Nein, das war kein Zufall. Ich hatte erst ein Geschäft in Spandau 1999 übernommen. Der erste Schritt in die Selbständigkeit war für mich nicht die Riesenhürde, da ich dort vorher schon gearbeitet hatte. Anfangs lief es sehr gut. Dann hat sich innerhalb von 10 Jahren das Umfeld stark geändert. Die Schönwalder Straße ist inzwischen ein Brennpunkt in Spandau und ziemlich runtergekommen. Janine Stalinsky war schon damals meine Mitarbeiterin. Wir merkten: „Das geht hier nicht so weiter. Die Umsätze gehen immer mehr zurück. Wir müssen uns ein zweites Standbein suchen.“ Ab 2005 begannen wir beide konkret nach einem neuen Standort zu suchen. Da ich am westlichen Rand von Berlin wohne, haben wir vorwiegend im Nordwesten von Berlin geschaut, wo es attraktiv sein könnte, wo ein Optiker fehlt.

Sie haben nicht gedacht „Ich gebe auf, es funktioniert nicht“?

Nein, ein zweiter Standort war die erste Option. 2006 haben wir unsere Filiale in Finkenkrug eröffnet. Kurz darauf stand fest, dass wir die Filiale in Spandau aufgeben. Zum damaligen Zeitpunkt war ich mit zwei Geschäften überfordert. Die Leute wollten gern von mir persönlich bedient werden. Mich gleichzeitig um den neuen Laden und die Stammkunden in Spandau zu kümmern, war mir zu viel. Ich hatte damals noch keine so guten Mitarbeiter, dass sie mich ersetzen konnten. Ich wurde über einen langen Zeitraum krank und habe Ende 2007 das Spandauer Geschäft aufgegeben. Man kann nicht sagen, dass Finkenkrug schon aufgebaut war, aber es tat gut, sich wieder nur auf ein Geschäft zu konzentrieren. Wir haben dort jahrelang nur zu zweit gearbeitet.

Wann fühlten Sie sich in Finkenkrug etabliert?

5 Jahre hat es gedauert. Es wurde stetig immer mehr. Die Hoffnung „Das wird schon!“ wurde belohnt. Und dass, obwohl in Finkenkrug keine entsprechende Infrastruktur ist. Außer dem Bahnhof ist dort nicht viel. Zum Zeitpunkt unserer Suche hieß es, hier soll im großen Stil gebaut werden und es entsteht ein kleines Geschäftzentrum. Dazu ist es nie gekommen. Deshalb bin ich sehr stolz darauf, dass wir es ohne diese Infrastruktur geschafft haben, uns einen guten Ruf zu erarbeiten. Die Leute kommen nicht zufällig vorbei, sondern reisen gezielt an.

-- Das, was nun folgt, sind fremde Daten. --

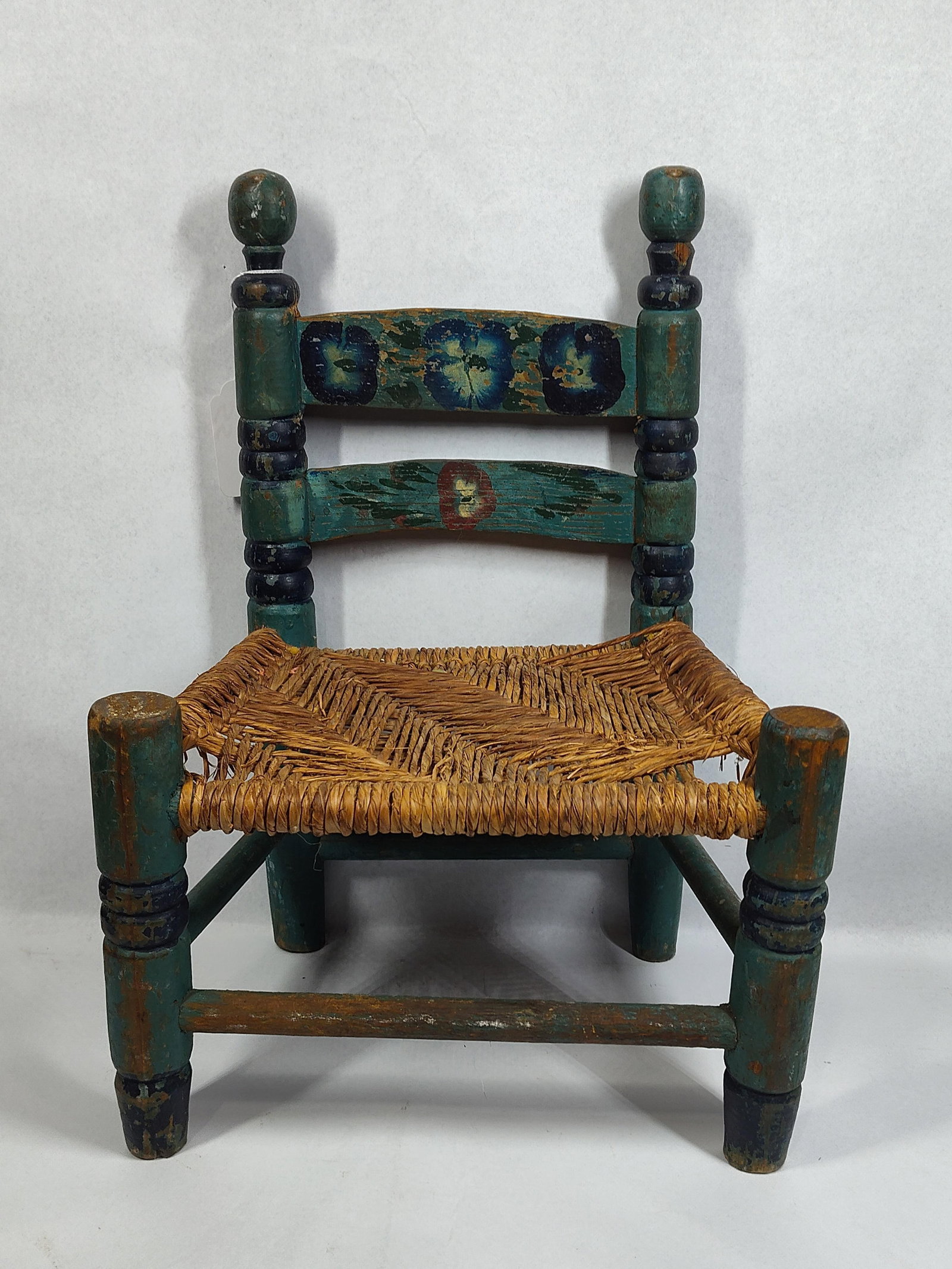Mexican Folk Art Painted Wood Child: 13x9x18 This vintage Mexican folk art child's ladder-back side chair is characteristic of mid-20th century rustic furniture production. The chair features a wooden frame with ring-turned posts and leg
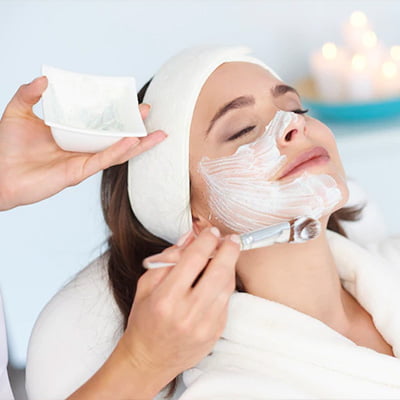 A woman enjoying a facial treatment at a spa, receiving professional care for her skin's rejuvenation and relaxation.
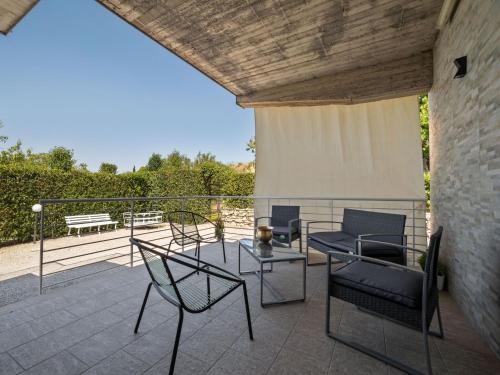 a patio with chairs and a table and a couch at Belvilla by OYO Modern villa in Nissoria with pool in Nissoria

Können Sie benennen, warum die Kunden auch aus der etwas weiteren Umgebung bis zu Ihnen nach Finkenkrug kommen?

Verbindlichkeit ist das Wichtigste. Ich glaube, dass wir nicht nur gut, sondern auch sehr verbindlich sind. Werbung ist wichtig, aber das allerwichtigste sind zufriedene Kunden, die uns durch Mundpropaganda gern empfehlen. Das ist mehr wert als alles andere. Das Angebot und die Qualität sind sehr wichtig. Die Verbindlichkeit aber bindet.

Gab es eine Wiederholung? Haben Sie die zweite Filiale in der Bahnhofstraße aufgemacht, weil das Finkenkruger Geschäft etwas stagnierte?

Nein, auf keinen Fall. Das war eine wirtschaftliche Entscheidung. Mir hätte es auch gefallen, wenn ich in meinem kleinen Laden mit meinen 3 Angestellten gemütlich arbeite und alle Leute einfach zu mir kommen. (lacht herzlich) Aber so war es eben nicht. Man beobachtet seine Konkurrenz. Mir war von Anfang klar, dass der Standort im Zentrum von Optiker Brandt gesetzt war. Aber es war eben auch klar, dass viele Leute zu uns nach Finkenkrug kommen, weil sie sich bei Brandt vielleicht nicht so ganz wohl gefühlt haben. Bereits vor 3 Jahren hatte ich Herrn Brandt gefragt, ob er sein Geschäft verkaufen möchte und habe mein Interesse gezeigt. Im Oktober 2014 ist er auf mich zugekommen, da er in Rente gehen wollte. Ich habe mich dann mit meinen Kolleginnen besprochen, ob wir das Angebot annehmen wollen. Es bringt nichts, wenn nur ich das möchte, meine Mitarbeiter solche Entscheidungen aber nicht mittragen.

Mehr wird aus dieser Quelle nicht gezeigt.